Health Care Manag Sci. 2020 Sep;23(3):315-324. doi: 10.1007/s10729-020-09511-7. Epub 2020 Jul 8.

Abstract

Managing healthcare demand and capacity is especially difficult in the context of the COVID-19 pandemic, where limited intensive care resources can be overwhelmed by a large number of cases requiring admission in a short space of time. If patients are unable to access this specialist resource, then death is a likely outcome. In appreciating these 'capacity-dependent' deaths, this paper reports on the clinically-led development of a stochastic discrete event simulation model designed to capture the key dynamics of the intensive care admissions process for COVID-19 patients.

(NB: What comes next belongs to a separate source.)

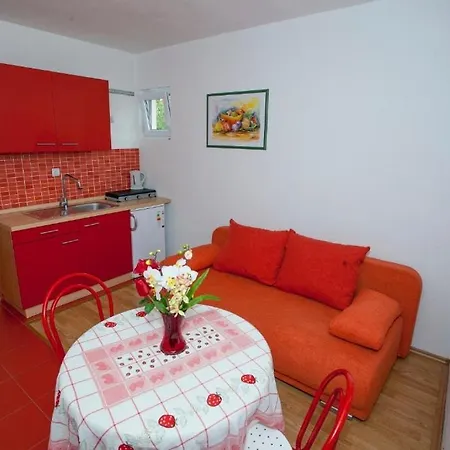 Πανσιόν And With Parking Space Tucepi, Makarska - 13056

With application to a large public hospital in England during an early stage of the pandemic, the purpose of this study was to estimate the extent to which such capacity-dependent deaths can be mitigated through demand-side initiatives involving non-pharmaceutical interventions and supply-side measures to increase surge capacity. Based on information available at the time, results suggest that total capacity-dependent deaths can be reduced by 75% through a combination of increasing capacity from 45 to 100 beds, reducing length of stay by 25%, and flattening the peak demand to 26 admissions per day. Accounting for the additional 'capacity-independent' deaths, which occur even when appropriate care is available within the intensive care setting, yields an aggregate reduction in total deaths of 30%. The modelling tool, which is freely available and open source, has since been used to support COVID-19 response planning at a number of healthcare systems within the UK National Health Service.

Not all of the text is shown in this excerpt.